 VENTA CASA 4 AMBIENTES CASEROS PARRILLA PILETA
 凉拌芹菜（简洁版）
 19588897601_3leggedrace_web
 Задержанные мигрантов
---
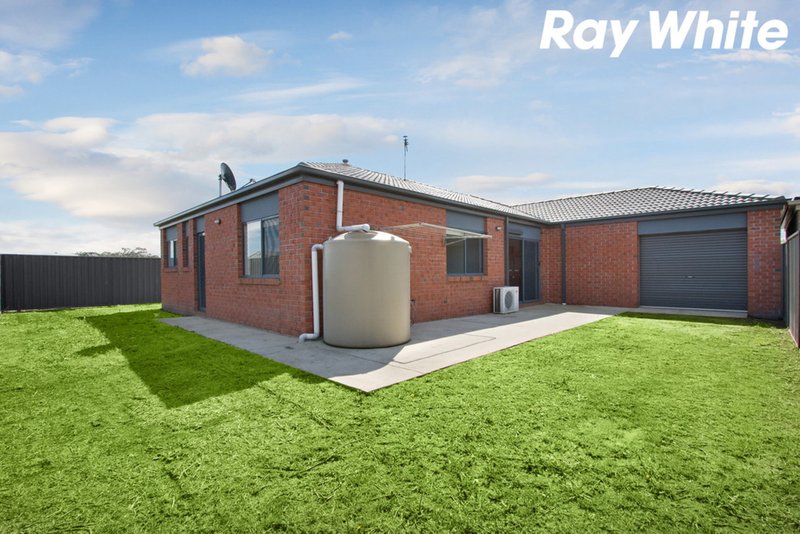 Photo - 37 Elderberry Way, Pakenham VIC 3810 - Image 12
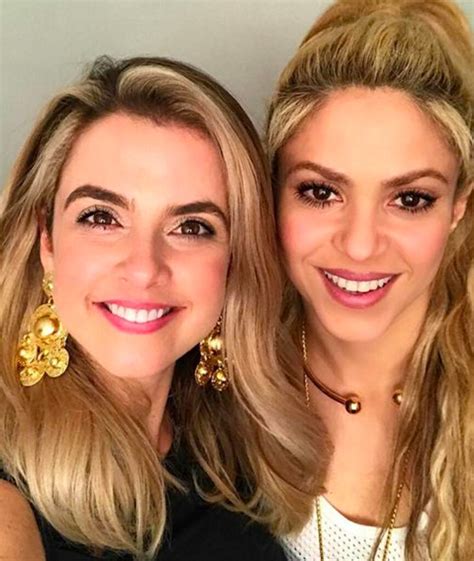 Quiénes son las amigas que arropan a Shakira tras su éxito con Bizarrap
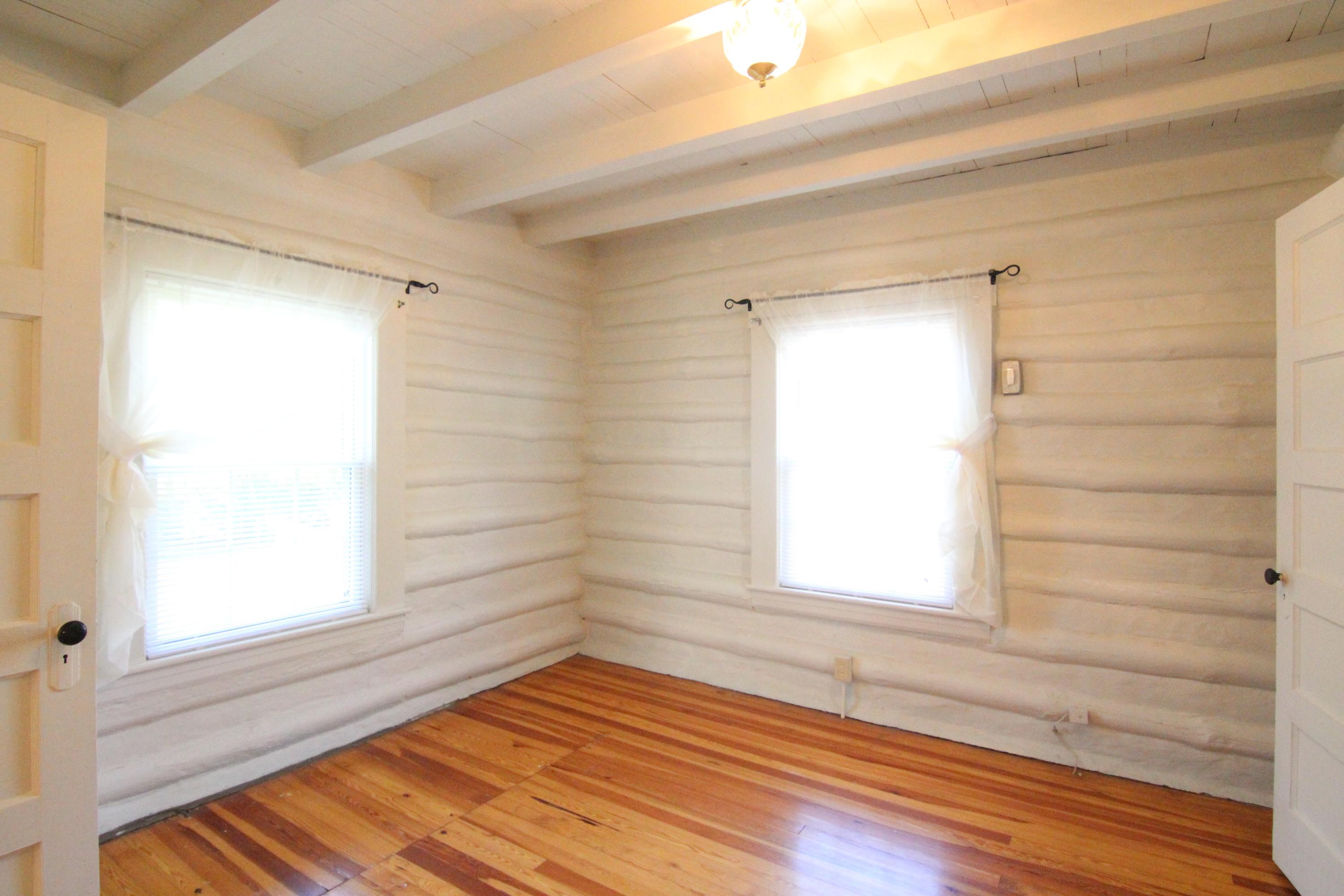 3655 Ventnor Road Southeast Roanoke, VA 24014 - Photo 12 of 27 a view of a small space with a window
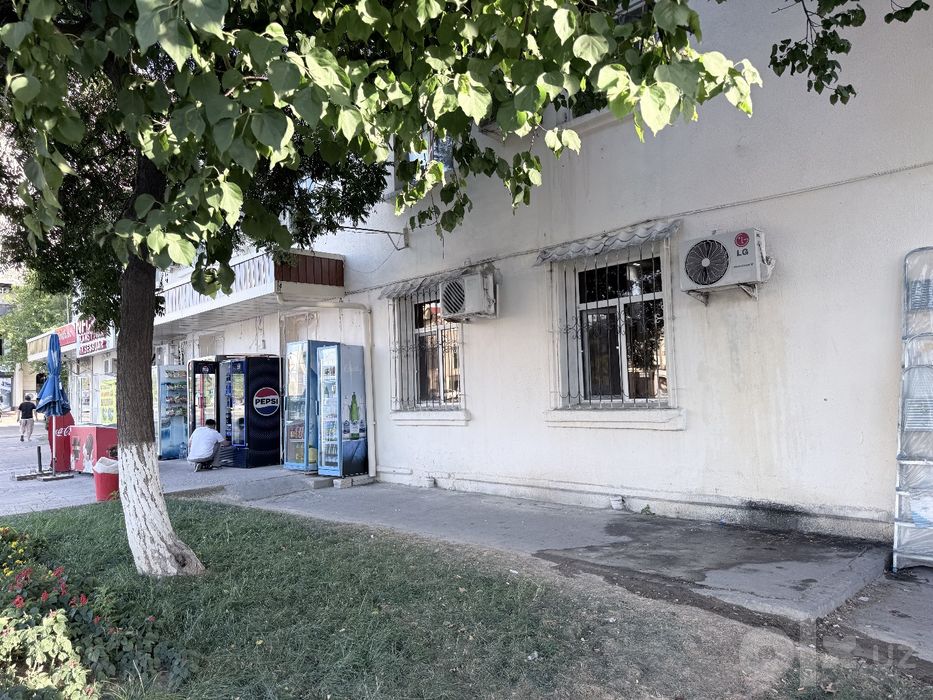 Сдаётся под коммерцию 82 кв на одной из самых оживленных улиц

* **About this task**
Restate word for word every line from the one with "Photo - 37 Elderberry" up to and including the one with "Сдаётся под коммерцию" in the records above, minus the pictures.

* **Completed task**
 Photo - 37 Elderberry Way, Pakenham VIC 3810 - Image 12
 Quiénes son las amigas que arropan a Shakira tras su éxito con Bizarrap
 3655 Ventnor Road Southeast Roanoke, VA 24014 - Photo 12 of 27 a view of a small space with a window
 Сдаётся под коммерцию 82 кв на одной из самых оживленных улиц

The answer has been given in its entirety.